The Cayman Islands Government recently passed a number of amendments to the Cayman Islands Companies Law (Companies Law) and Exempted Limited Partnership Law (ELP Law).
The register of partners of an exempted limited partnership can now be freely maintained anywhere in the world.
A long anticipated change to the ELP Law has now been passed which allows the general partner of an exempted limited partnership to maintain the register of partners anywhere in the world.
Previously, section 11 of the ELP Law obliged the general partner to maintain, or cause to be maintained, a register of all partners at the registered office of the partnership in the Cayman Islands. The register has to show the name, address, amount and date of any contribution or contributions and the amount and date of any repayment representing a return of any part of the contribution of any partner.

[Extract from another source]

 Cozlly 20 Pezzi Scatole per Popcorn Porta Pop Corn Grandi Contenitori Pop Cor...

This was at odds with the flexibility only given to exempted companies who could maintain their register of members anywhere in the world.
This will be welcomed by practitioners of Cayman Islands law and users of the Cayman Islands financial services.
Tax Information Sharing
Amendments have also been made to sections 44 and 59 of the Companies Law and sections 11 and 12 of the ELP Law to deal with the provision of information to the Tax Information Authority (TIA).

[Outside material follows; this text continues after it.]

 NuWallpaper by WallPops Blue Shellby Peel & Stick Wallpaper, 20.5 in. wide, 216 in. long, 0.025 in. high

Both the laws now provide that if an exempted company or general partner of an exempted limited partnership does not usually keep the register of members or partners (as the case may be) at the registered office in the Cayman Islands or it neither keeps the books of account of the company or partnership at its registered office nor at another place within the Cayman Islands (for example an administrator), if the TIA serves a notice or order on the company or the general partner, they must make the relevant register and the books of account available to the TIA at its registered office in the Cayman Islands.
The phrase ‘books of account’ is very broad and includes material underlying documentation including contracts and invoices with regard to all money received and expended by a company, all sales and purchases of goods by the company and the assets and liabilities of the company.
The accounts can be provided in electronic form or any other medium. Non-compliance without reasonable excuse will result in a fine for the company of CI$500/US$610 and a further fine of CI$100/US$122 per day.
The TIA (www.tia.gov.ky) was established in 2009 by the Tax Information Authority Law. The objective of the TIA is to oversee and implement the jurisdiction’s international cooperation agreements in relation to tax matters.
As at the date of this alert, the Cayman Islands has entered into 30 Tax Information Exchange Agreements (TIEAs) with countries such as the UK, the USA, France and Germany all of which are recognised by the OECD. Under the terms of the TIEAs, the TIA will assist in relation to requests from the tax authorities of countries with which TIEAs have been entered into.